Segment Open

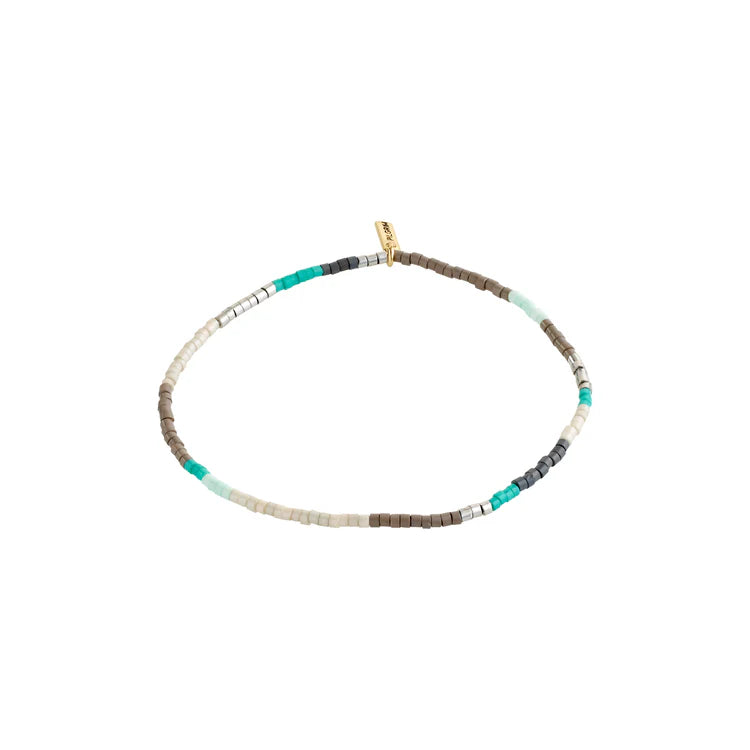 Pilgrim Alison Bead Bracelet - Mint - Default Title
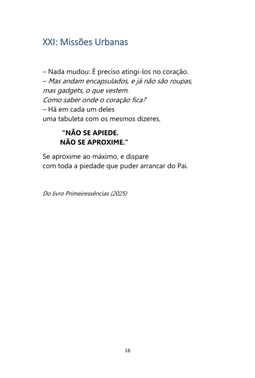Versos do Ide - Poemas Missionários — page 16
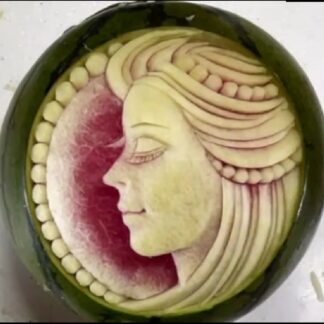 カメオ 女性の横顔１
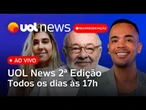 UOL News 2ª Edição com Diego Sarza, Ricardo Kotscho e Letícia Casado | REAPRESENTAÇÃO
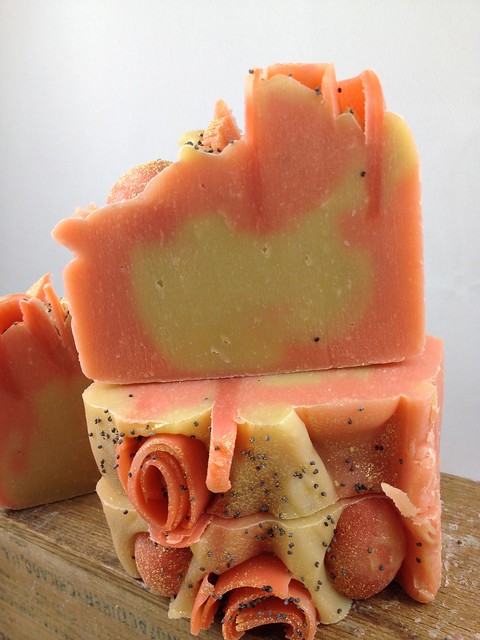 Apricot Freesia Soap by The Daily Scrub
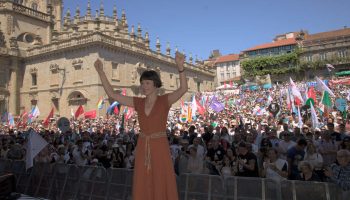 Ana Pontón ensalza o gran momento dun BNG que demostrou que non ten límites nin teito: “Imos seguir facendo historia”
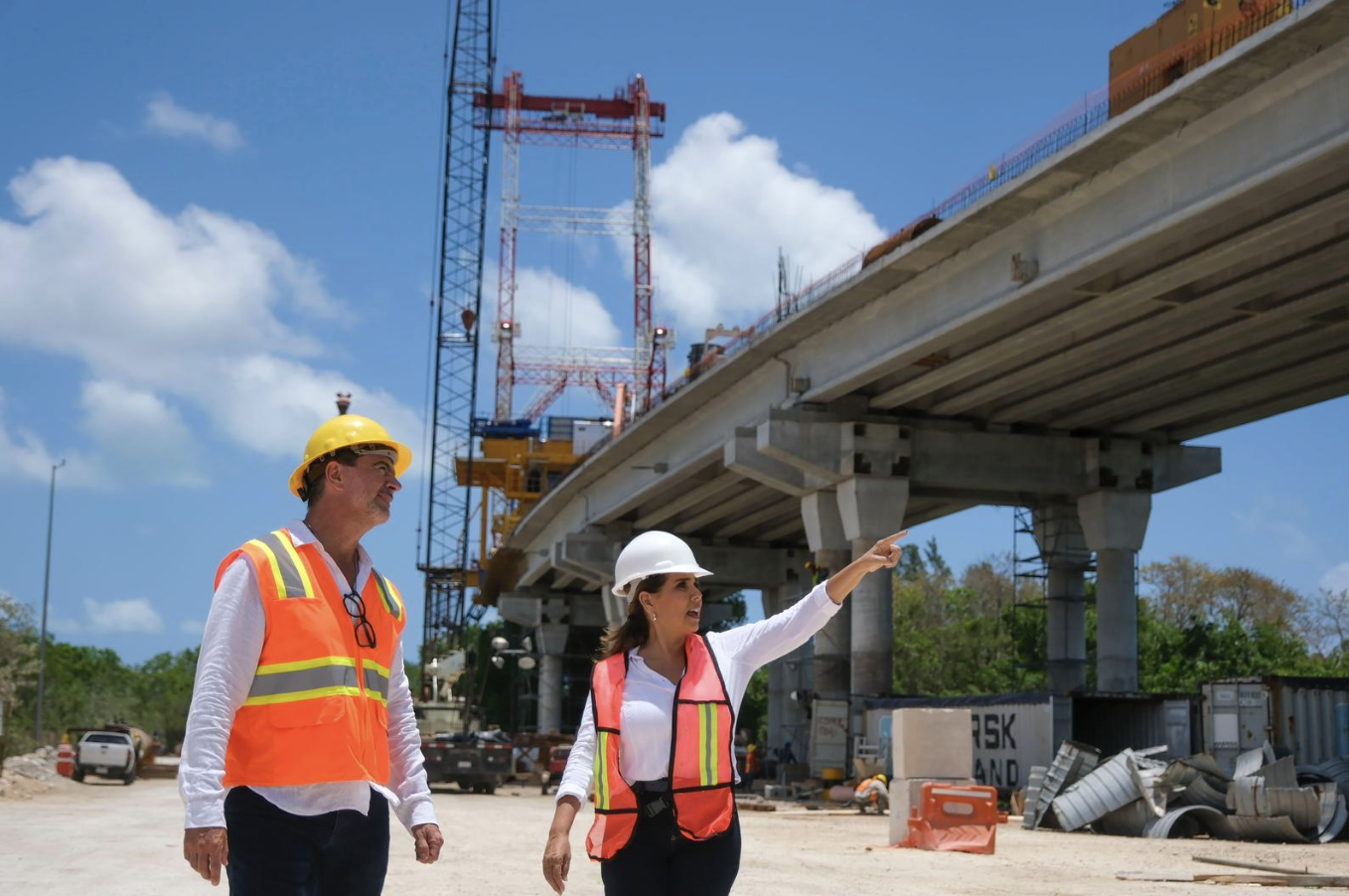 Inversión histórica marca en Quintana Roo una Nueva Era de la Transformación: Mara Lezama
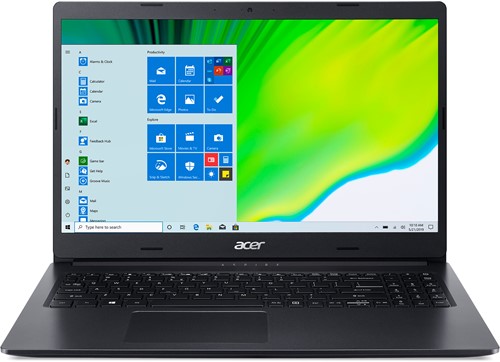 Acer Aspire 3 A315-23-R4B7 Notebook 39,6 cm (15.6") Full HD AMD Ryzen™ 3 8 GB DDR4-SDRAM 512 GB SSD Wi-Fi 5 (802.11ac) Windows 11 Home Zwart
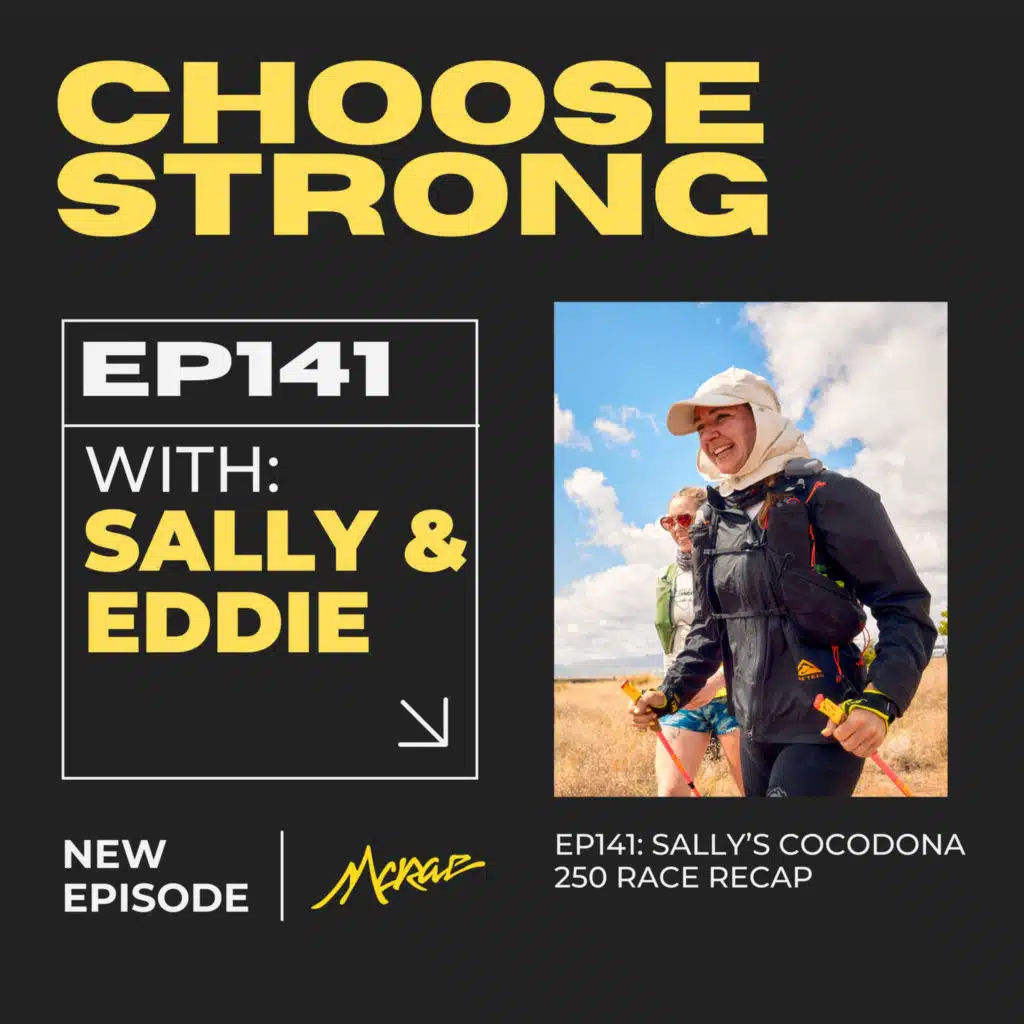 #141 | Sally's COCODONA 250 Race Recap 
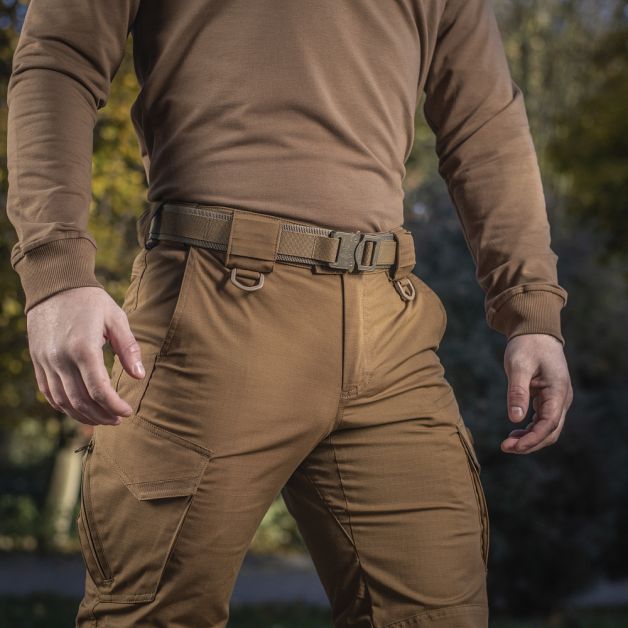 M-Tac ремень Cobra Buckle Tactical Belt Coyote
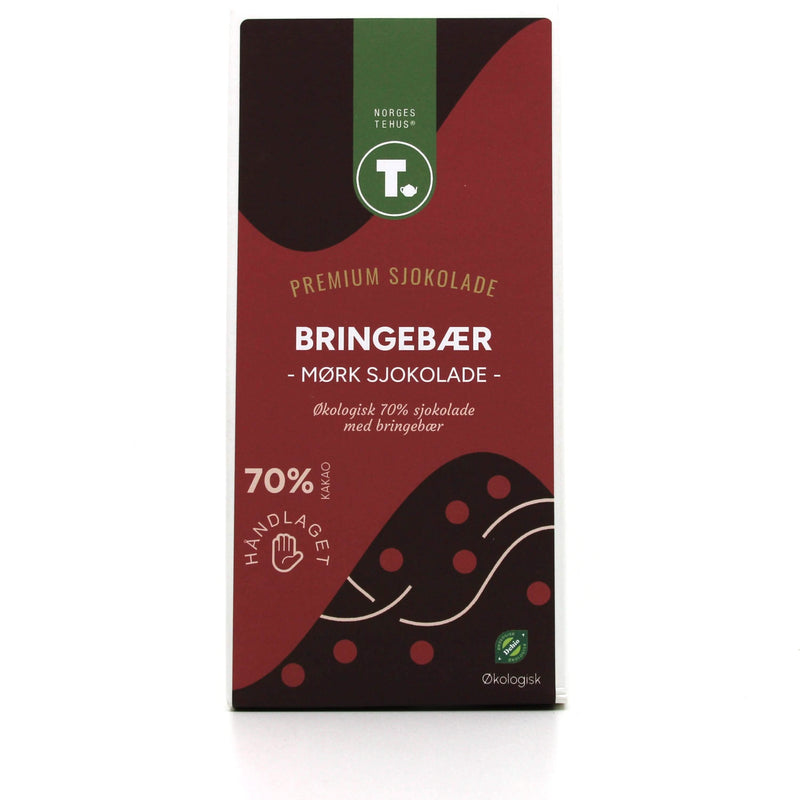 Dark chocolate 70% - Raspberry - organic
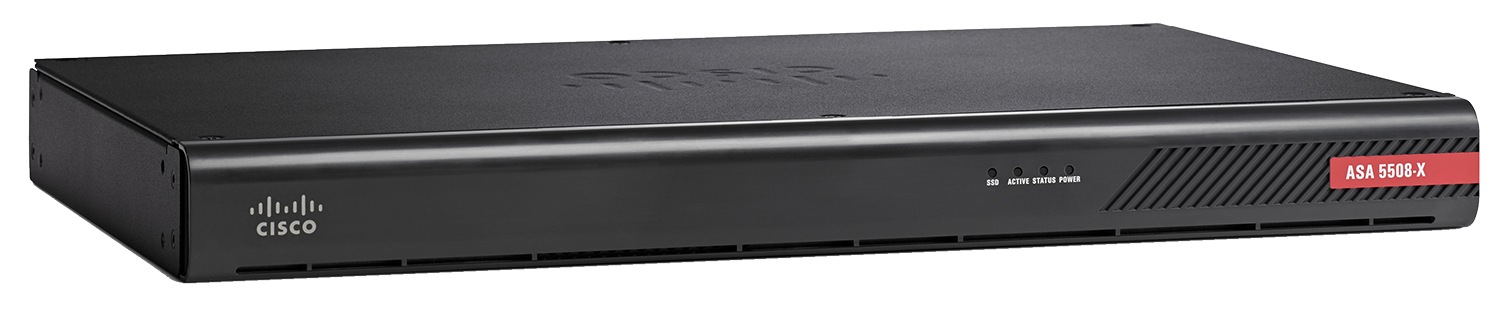 Cisco ASA 5508-X with Firepower Threat Defense - security appliance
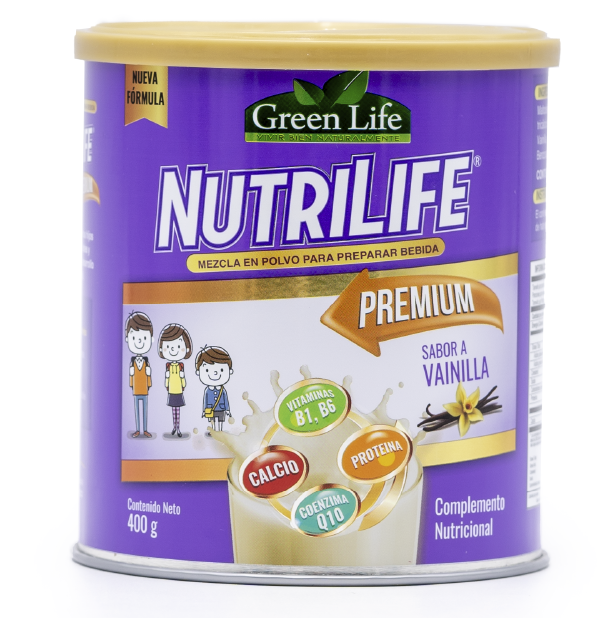 NUTRILIFE VAINILLA POTE 400g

Segment Closed

» **TO DO**: The pictures should be dropped, and every line above should be set down again exactly.

» **TASK OUTPUT**:
 Pilgrim Alison Bead Bracelet - Mint - Default Title
Versos do Ide - Poemas Missionários — page 16
 カメオ 女性の横顔１
 UOL News 2ª Edição com Diego Sarza, Ricardo Kotscho e Letícia Casado | REAPRESENTAÇÃO
 Apricot Freesia Soap by The Daily Scrub
 Ana Pontón ensalza o gran momento dun BNG que demostrou que non ten límites nin teito: “Imos seguir facendo historia”
 Inversión histórica marca en Quintana Roo una Nueva Era de la Transformación: Mara Lezama
 Acer Aspire 3 A315-23-R4B7 Notebook 39,6 cm (15.6") Full HD AMD Ryzen™ 3 8 GB DDR4-SDRAM 512 GB SSD Wi-Fi 5 (802.11ac) Windows 11 Home Zwart
 #141 | Sally's COCODONA 250 Race Recap 
 M-Tac ремень Cobra Buckle Tactical Belt Coyote
 Dark chocolate 70% - Raspberry - organic
 Cisco ASA 5508-X with Firepower Threat Defense - security appliance
 NUTRILIFE VAINILLA POTE 400g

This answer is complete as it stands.